Para pilot JFC kerap mengajak masyarakat umum menikmati lanskap Yogyakarta dari ketinggian pada Sabtu dan Minggu. Ya, komunitas ini aktif pada setiap akhir pekan dari pukul 06.00 hingga pukul 10.00 atau 11.00.
"Kita member JFC adalah orang-orang umum yang punya pekerjaan.

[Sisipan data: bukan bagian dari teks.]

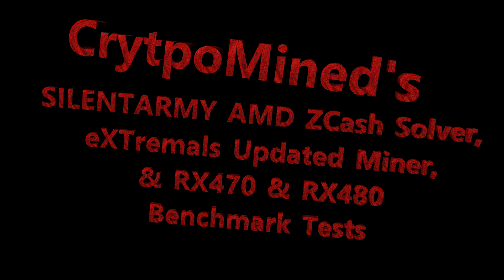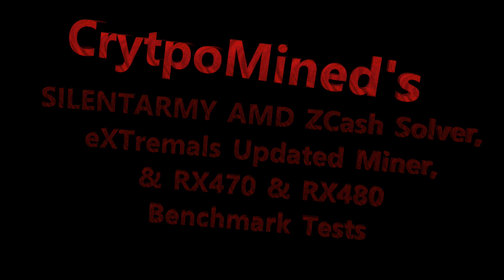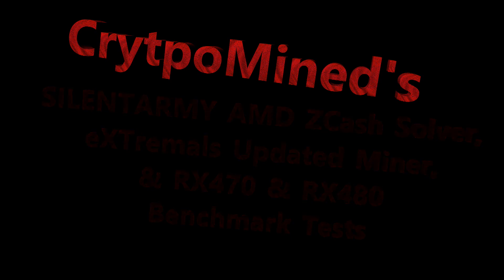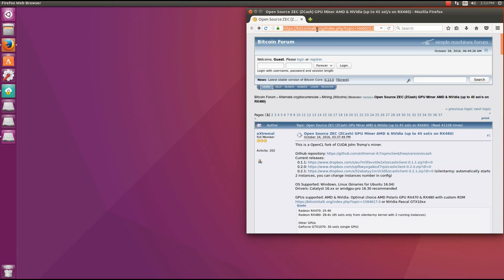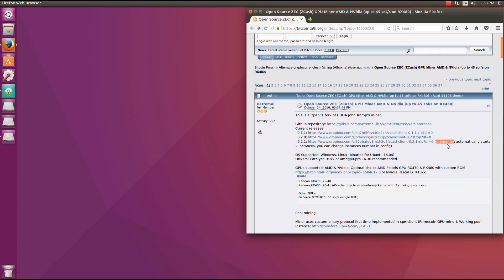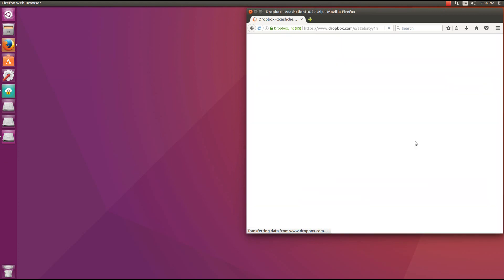Silent Army, AMD Zcache Solver. Xtremo's updated miner and RX 470 and RX 480 Silent Army benchmark tests. First we're going to look at Xtremo's updated miner. He has updated his miner with the Silent Army solver. We can see the current release 0.2.1 using Silent Army.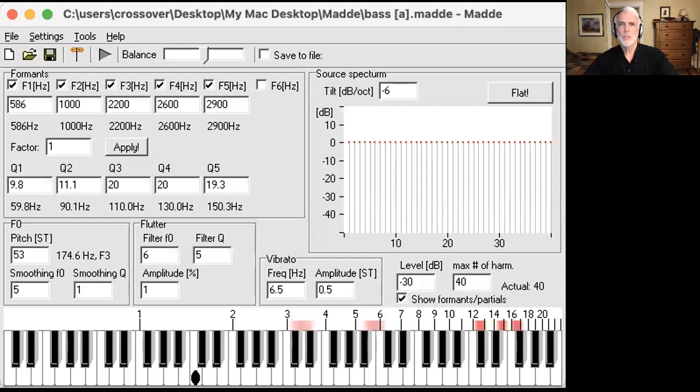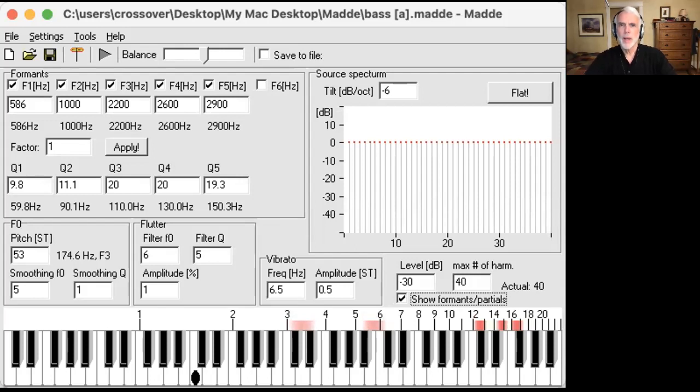The voice source spectral slope is set as if in chest voice and flow phonation for this entire demonstration. The vocal tract shape will be unchanged as well. Therefore, any timbral shifts you hear that might signal a change of register will be due exclusively to acoustic relationships.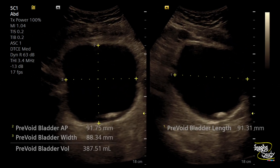Let's see what we have got on ultrasound. Here you can see we have checked the pre-voidal urinary bladder. The bladder wall looks quite smooth. Pre-voidal volume was around 390 ml. You can also see a bright echogenic structure casting faint acoustic shadow, located at the dependent part of the urinary bladder lumen.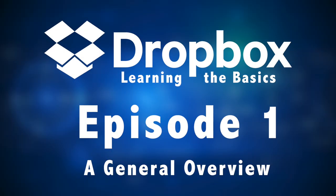Welcome to my very first episode of Dropbox, Learning the Basics. My name is Jerry Colbert, and in this episode, I'm going to be showing you a general overview of Dropbox. Coming up next.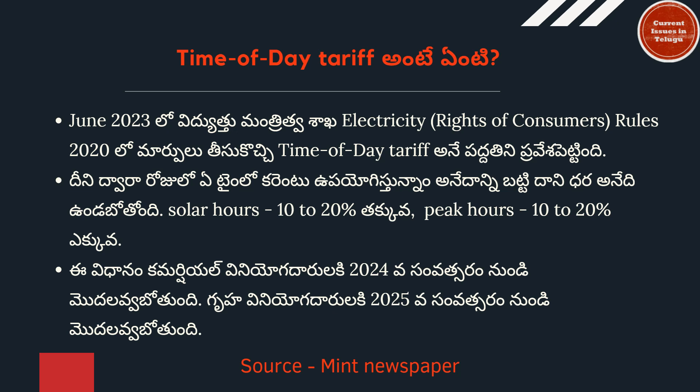In this video, I am going to tell you about time of day tariff.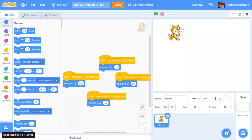Hello and welcome to Teachers Notes. This is the second in a series of coding videos that we're doing. In this one we're going to create a short roleplay game in which our sprite — the cat — celebrates his birthday by meeting and interacting with some of his friends.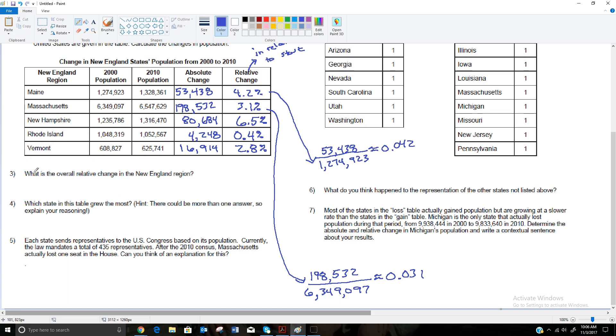This asks what is the overall relative change in the New England region, and I'm honestly not going to do that because in order to do that, we'd have to add up the entire population here and then the entire 2010 population and subtract the difference and do these calculations. So I'm not going to mess with that right now. It's not really important for the rest of the questions.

Jadi, Sabtu-Minggu adalah waktu getaway-nya kita buat meringankan penatnya hidup," sambung Faslan terkekeh.
Dalam penerbangan bersama JFC itu, deretan tebing Pantai Baron dan Candi Borobudur kerap menjadi suguhan elok.
"Sebuah keindahan Jogja yang orang banyak nggak tahu, dari Pantai Baron menuju ke Pantai Parangtritis itu tebing-tebingnya kalau orang nggak terbang, nggak tahu itu bagus," jelasnya.

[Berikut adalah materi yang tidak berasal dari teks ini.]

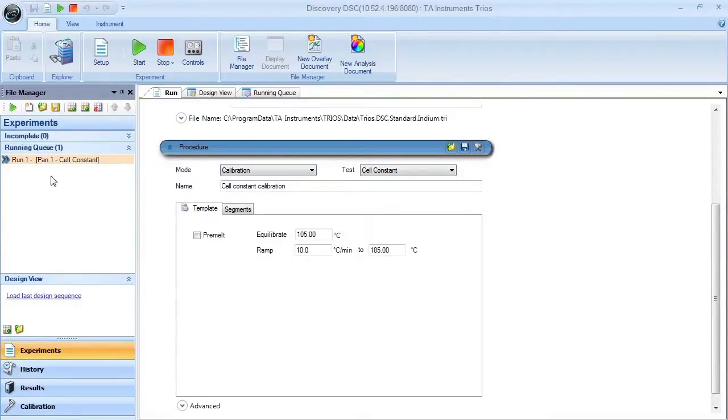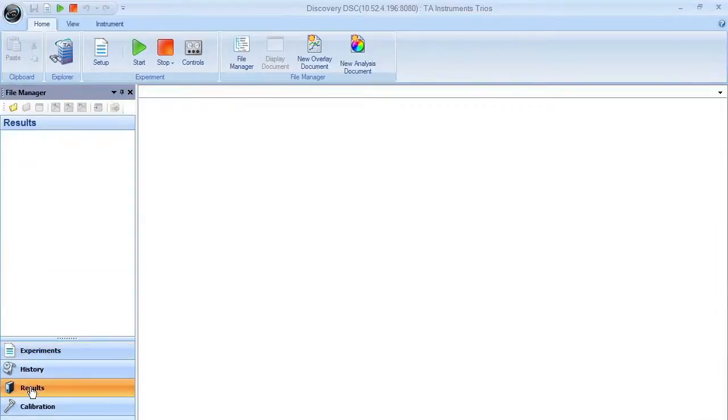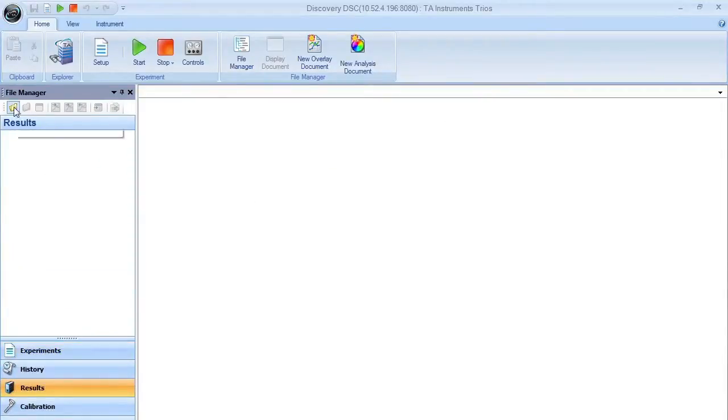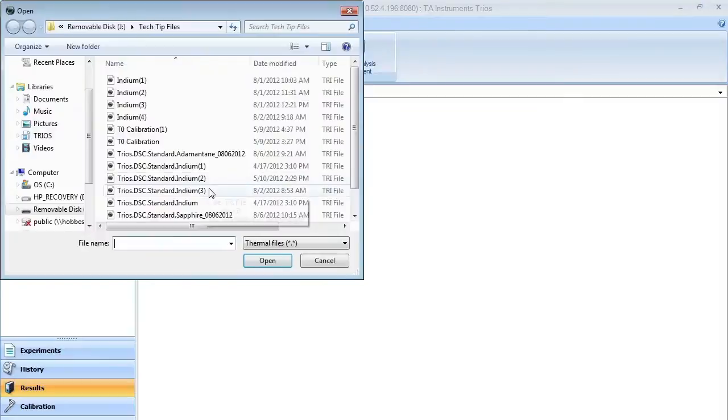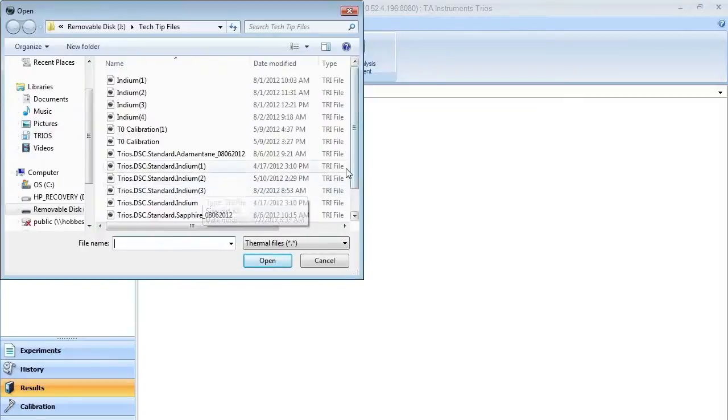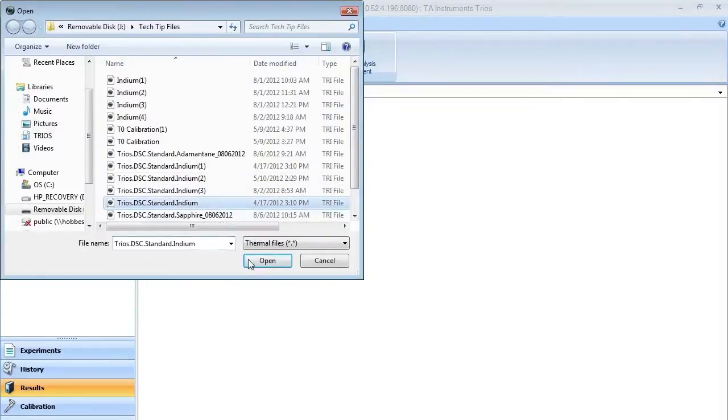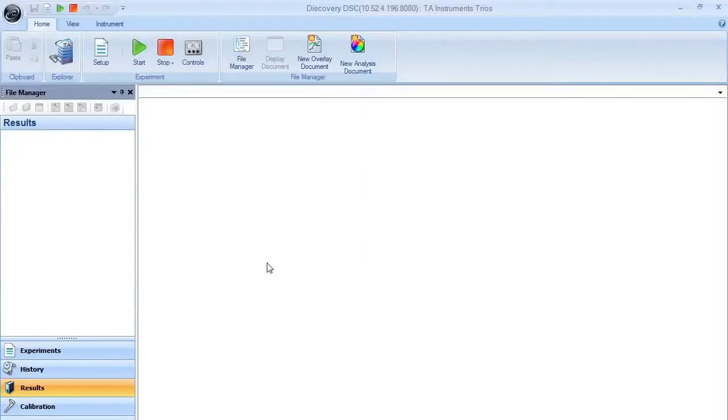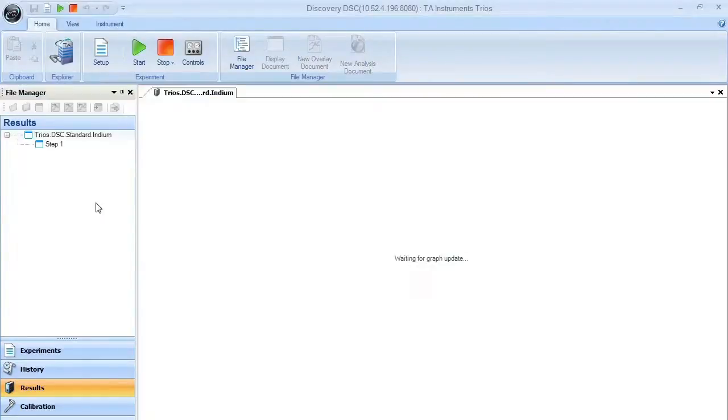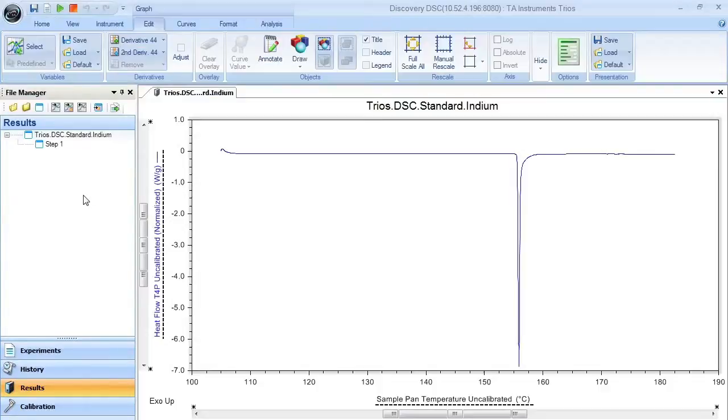Once the indium is run, it should automatically open in the results pane. But if not, you can open up that data file. In this case, we will run indium, open up the data file, and it should plot out the data according to the calibration parameters.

View this post on InstagramA post shared by Jogja Flying Club (@jogjaflyingclub) on
Menikmati Yogyakarta dan sekitarnya dengan menaiki pesawat microlight tentu memberikan sensasi tak terlupakan. Namun keinginan merasakan joy flight perlu memperhatikan beberapa hal. Seseorang yang akan menjalani joy flight diharuskan tak takut ketinggian, tidak memiliki riwayat penyakit serius seperti jantung, dan hindari perut kenyang agar tidak muntah saat terbang.
Dari sisi pilot, penerbangan pesawat microlight harus memperhatikan berbagai faktor demi keamanan dan kenyamanan, terutama saat membawa penumpang masyarakat umum. Misalnya cuaca atau kecepatan angin.

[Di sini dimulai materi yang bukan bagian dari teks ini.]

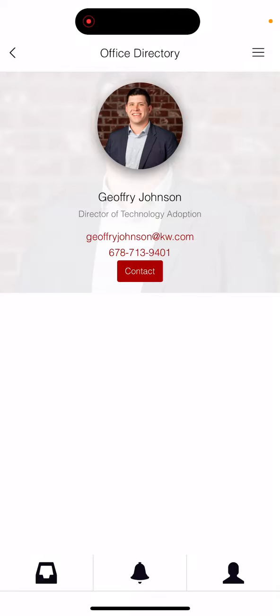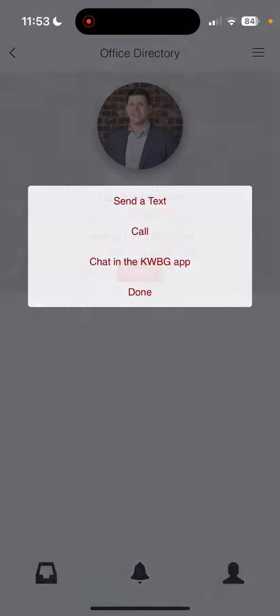Now that you found the profile of whoever you want to contact within the Keller Williams Bluegrass app by using our office directory, you'll click the contact button.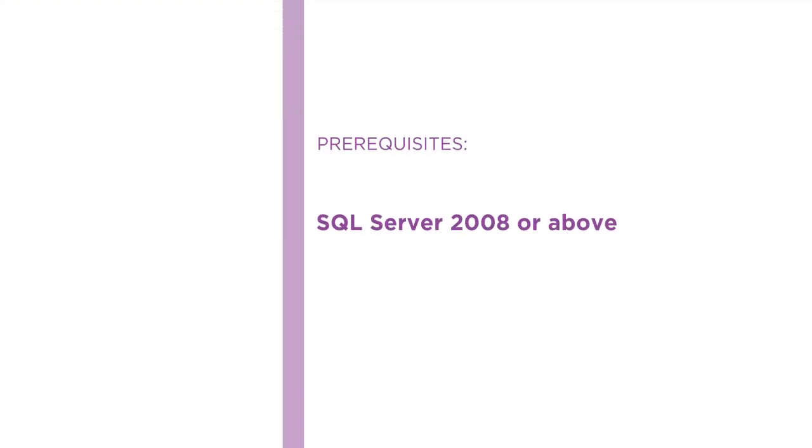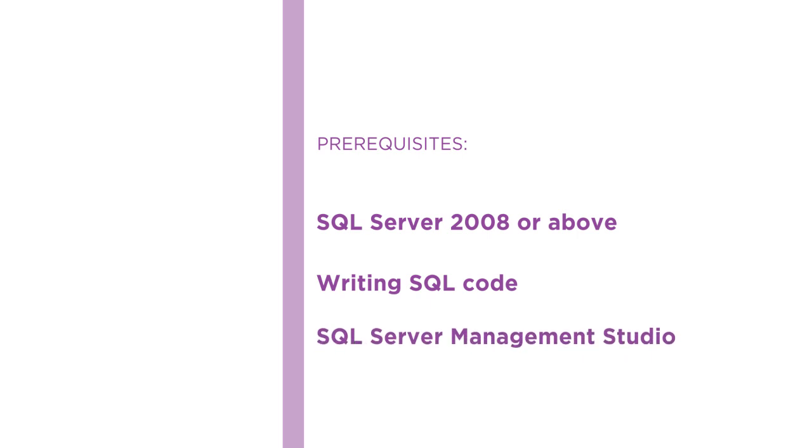Before beginning this course, you should be familiar with SQL Server 2008 or above, be comfortable with writing SQL code beyond basic select and insert statements, and be comfortable with SQL Server Management Studio.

Faslan melanjutkan, pesawat microlight bisa saja terbang dalam kondisi hujan saat di atas. Namun tetap tidak direkomendasikan terbang jika sudah hujan sejak pesawat masih di bawah.
"Lagian nggak nyaman (terbang saat hujan). Kita terbang kan mau cari seneng," kata pria yang sudah mengantongi kualifikasi instruktur penerbang pesawat microlight tersebut.
Menjadi komunitas hobi yang terkesan mahal, faktanya JFC menawarkan kepuasaan tersendiri bagi pilot maupun masyarakat yang ingin melihat keindahan geografis Yogyakarta dan sekitarnya dari ketinggian. Gunung Merapi, deretan pantai beserta tebing-tebing sepanjang Provinsi Daerah Istimewa Yogyakarta, hingga candi peninggalan sejarah provinsi tetangga siap menyambut penikmat terbang bersama JFC.
Wah kalau begini, terbang bersama JFC bisa masuk daftar 'things to do' kamu jika liburan ke Yogyakarta. Sobat Brilio nggak kepengen, nih?